CAN YOU REALLY COOK WITHOUT A RECIPE?Life has it ruts, and when it comes to cooking ribs I'll admit I tend to live in the rut I've perfected over the years and, most of the time, I'll stay in that comfortable rut because I know my ribs will come out the way I want them or at least pretty close. The problem is, I get to thinking there's no other way and that I MUST cook ribs per my habit or they will be a dismal failure
For at least two weeks before this year's Super Bowl I knew I'd have to fix a huge batch of ribs and that I'd have minimum time available for both preparation and cooking. I lost sleep. I pondered several ways, even including pre-cooking and re-heating (not my favorite thing to do to ribs although it works okay on some other stuff). I agonized and sweated. Finally, I decided I had to crawl out of my rut and start thinking creatively. Duh
Fact of life: I had about four and a half hours of available time to include getting the smoker going, prepping the racks, cooking them and then delivering them to the recipients. My "rut" time takes about six and a half, all told. Yeah, I know. Your rut may be shorter or longer but you may still have one, so I'm gonna tell this story, anyway
I decided I had to develop, on the fly, without testing it, an approach for ribs that please the two parties I was "catering" and that it could be done. Imagine that
The first thing I did was skip the tedious trimming. If it wasn't a huge chunk of fat or gristle I just left it on.
The second thing I did was skip the skinning. The membrane stayed on the back. Heresy!
The third thing I did was leave the foil in the drawer and go the whole cook "naked" -- no time for wrapping and unwrapping.
The fourth thing I did was shake the rub on fast, not trying to get it perfectly even.
The fifth thing I did was cut the racks in half so I could move them around for even cooking.
The sixth thing I did was move the temp setting up so they'd finish faster. Heresy again.
The seventh thing I did was keep monitoring the between-bone temperature after about the 3rd hour.
The eighth thing I did was skip "glazing" on the sauce by returning the done ribs to the cooker following saucing.
You know what? It worked!
A few more details: I started out with moderately heavy smoke for the first hour of the cook then went for more rapid temperature gain in the meat. This is easy in a pellet cooker but can be done on some other types, too. My smoker chamber ran around 150 degrees (controller set to 180) the first hour and the ribs went from an internal temp of 41 to low double digits. At the start of hour two I cranked it up to 285. Somewhere around the start of hour three I cranked up to 325. My goal was to control the rise of the meat temperature so that I'd still get smokiness and tenderness and not get bark (I hate that on ribs). Yeah, I know I could have grilled them in under and hour, but that wouldn't have produced the flavor I wanted and it would have violated my "rut" so badly I would probably have passed out.
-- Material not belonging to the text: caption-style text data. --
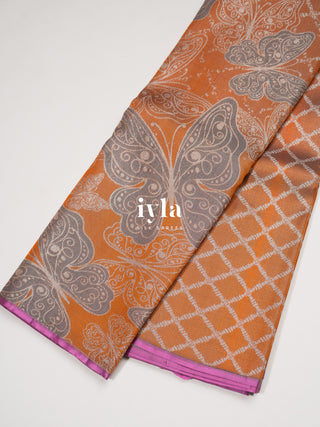 The Butterfly Weave Kanjeevaram in Spanish Orange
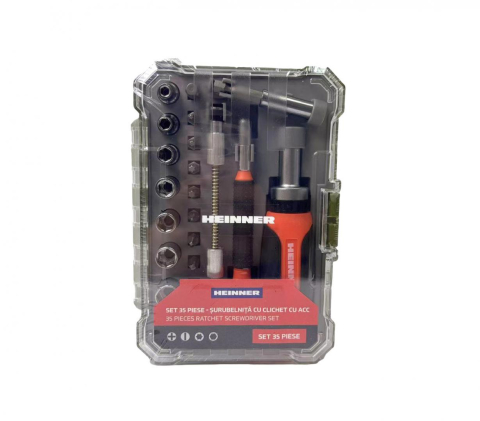 Masini de gaurit si insurubat - Heinner set 35 piese - surubelnita cu clichet cu acc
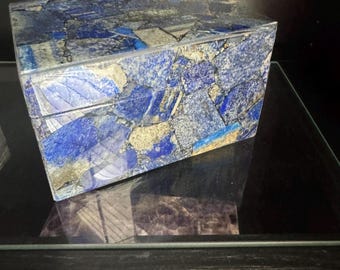 Large Lapis Lazuli Stone Box: Pet Memorial Keepsake (8x6x6)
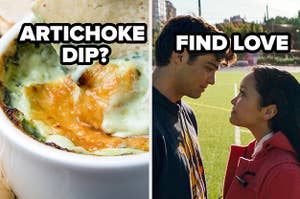 artichoke dip? find love label with screen shot of to all the boys ive loved before of peter looking at lara jean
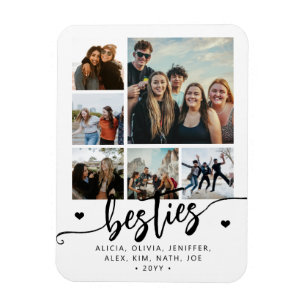 6 photo collage besties white and black script magnet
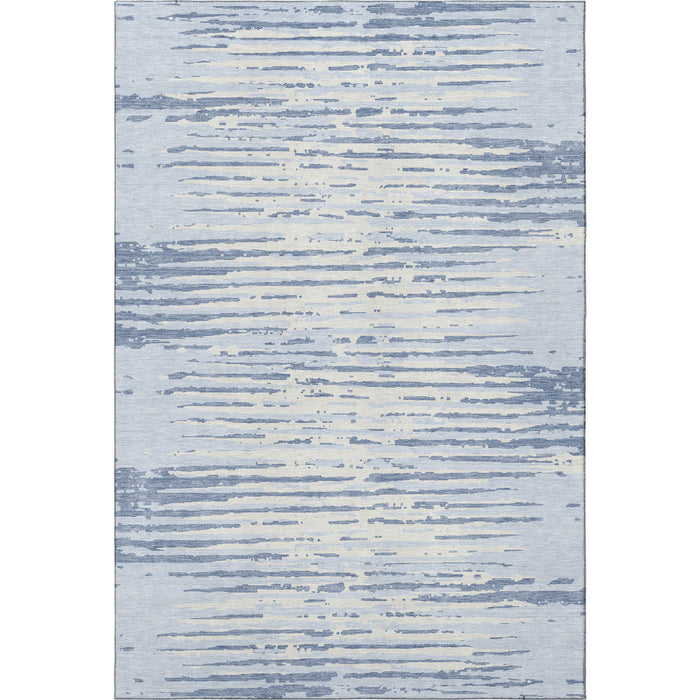 10' X 14' Striped Washable Area Rug With UV Protection (670591) - Sky Blue / Ivory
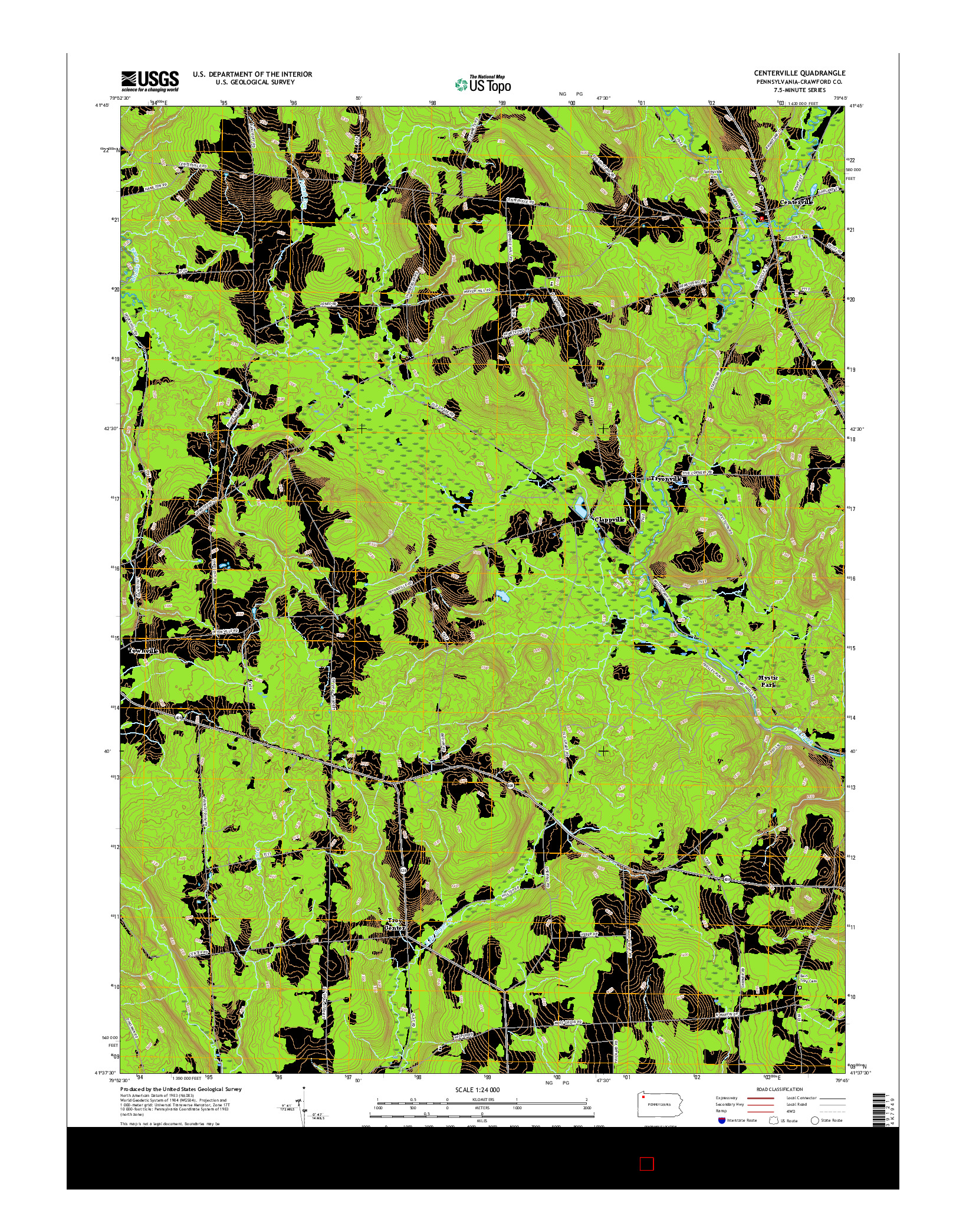 USGS US TOPO 7.5-MINUTE MAP FOR CENTERVILLE, PA 2016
Somewhere during hour four my instant read digital thermometer began giving me reads of 199 to 205 on the thinner slabs. I tossed these in a pan, gave 'em a quick brush of some popular sauce, and parked them in the oven (170 "warm" degrees -- no more cooking) and concentrated on getting the thicker racks to that "zone". About ten minutes before "deliver time" I had two huge aluminum pans full of ribs that were juicy and tender, had no char, didn't fall off the bone into mush, smelled wonderful, didn't push up the price of Alcoa stock and didn't push up my blood pressure. Man, that rut was easy to crawl out of.
Now, these would not have won in competition. They weren't that pretty and they weren't that perfectly done for taste and bite. But, they certainly matched some of the best I've had in restaurants and the folks who ate them had nary a complaint. I made it to the party before the kick-off and I didn't embarrass myself by trying to do the impossible.
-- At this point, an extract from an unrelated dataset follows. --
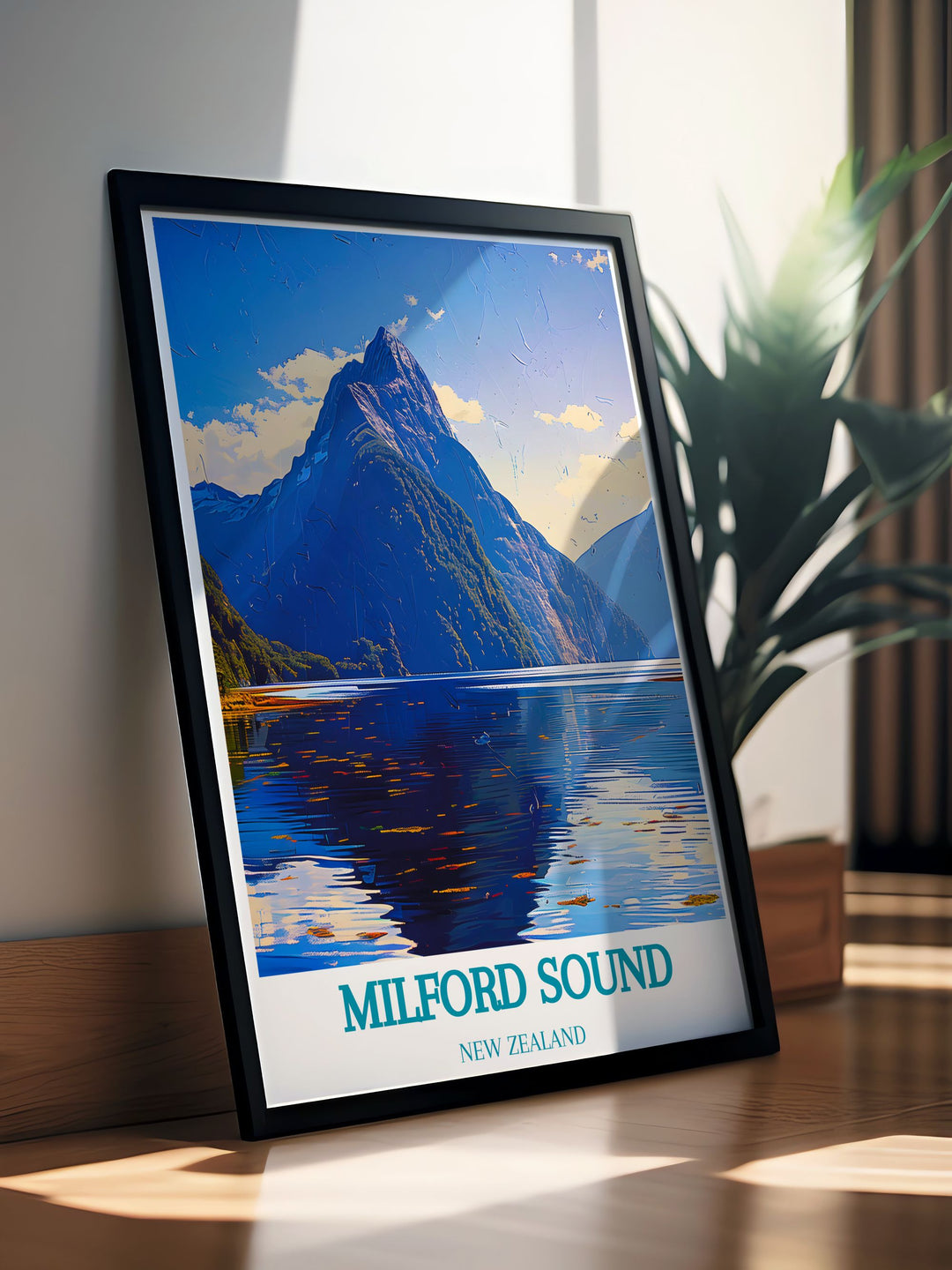 Mitre Peak modern print showcasing the dramatic peak set within the breathtaking Milford Sound landscape. This framed print is ideal for enhancing your living room or office with natural beauty.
What I learned (and share here) is that you can squeeze the time/temperature conundrum and get away with it. Maybe even more than I did, but that'll be another experiment. Measuring rib temperature is tedious and inexact -- you've got to get right between the bones in the center of the rack and it often takes several tries and some mental approximations of what you see. But, I decided, the thermometer is smarter than I am.